The larger objective at that point was not destroy as many FO for as few Resistance as possible, which is a short sighted goal that ultimately achieves nothing. Rather, it seems the hope (not plan) was to survive long enough to continue small strikes as long as possible and create a groundswell of resistance.

In that respect I'd say Poe was no hero. As it happened, the script contrived to created that groundswell through some poorly explained mythology mechanism that meant Poe's error was largely irrelevant. But it showed a lack of trust, an all too eager willingness to subvert the command structure and a lack of long term thinking. If anything I think he got off way too lightly but then, they couldn't really afford to lose their best pilot.

However, those things are fine as far as a character goes. He's no hero but an interesting charcter. There are other things about Poe that I find annoying but all that's for a different thread.

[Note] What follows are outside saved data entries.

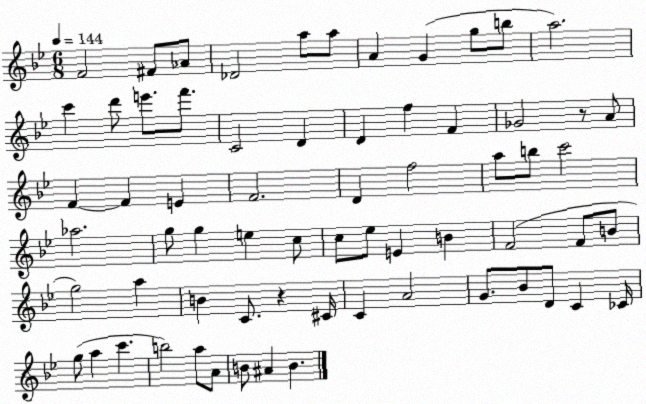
X:1
T:Untitled
M:6/8
L:1/4
K:Bb
F2 ^F/2 _A/2 _D2 a/2 a/2 A G g/2 b/2 a2 c' d'/2 e'/2 f'/2 C2 D D f F _G2 z/2 A/2 F F E F2 D f2 a/2 b/2 c'2 _a2 g/2 g e c/2 c/2 _e/2 E B F2 F/2 B/2 g2 a B C/2 z ^C/4 C A2 G/2 _B/2 D/2 C _C/4 g/2 a c' b2 a/2 A/2 B/2 ^A B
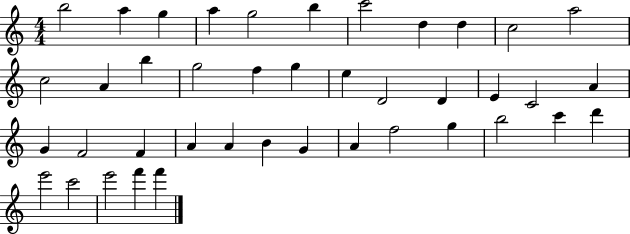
B5/h A5/q G5/q A5/q G5/h B5/q C6/h D5/q D5/q C5/h A5/h C5/h A4/q B5/q G5/h F5/q G5/q E5/q D4/h D4/q E4/q C4/h A4/q G4/q F4/h F4/q A4/q A4/q B4/q G4/q A4/q F5/h G5/q B5/h C6/q D6/q E6/h C6/h E6/h F6/q F6/q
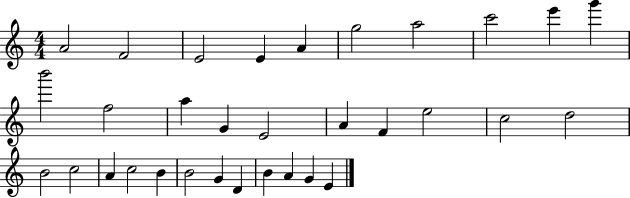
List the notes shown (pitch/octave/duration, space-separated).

A4/h F4/h E4/h E4/q A4/q G5/h A5/h C6/h E6/q G6/q B6/h F5/h A5/q G4/q E4/h A4/q F4/q E5/h C5/h D5/h B4/h C5/h A4/q C5/h B4/q B4/h G4/q D4/q B4/q A4/q G4/q E4/q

Also of course the entire movie was built around subversion of expectation (hence it's divisiveness), so by setting up the traditional plucky, cocky, hot shot hero, he could not succeed as he typically would (in a movie).

Poe's story arc over the course of the film is moving from just living and thinking in the moment as part of a larger whole to transitioning into a leadership position where he's got to be responsible for everyone else. By the end of it he truly understands his new place in the Resistance, I suspect by Episode 9 he'll have advanced to one of the main leadership positions and complete his journey.

In effect he take the role of anti-hero. Someone we share sympathy for but his character traits puts him at odds between where he wants to be and what he needs to be. His big fulcrum is learning to put aside his personal desires for the good of the group.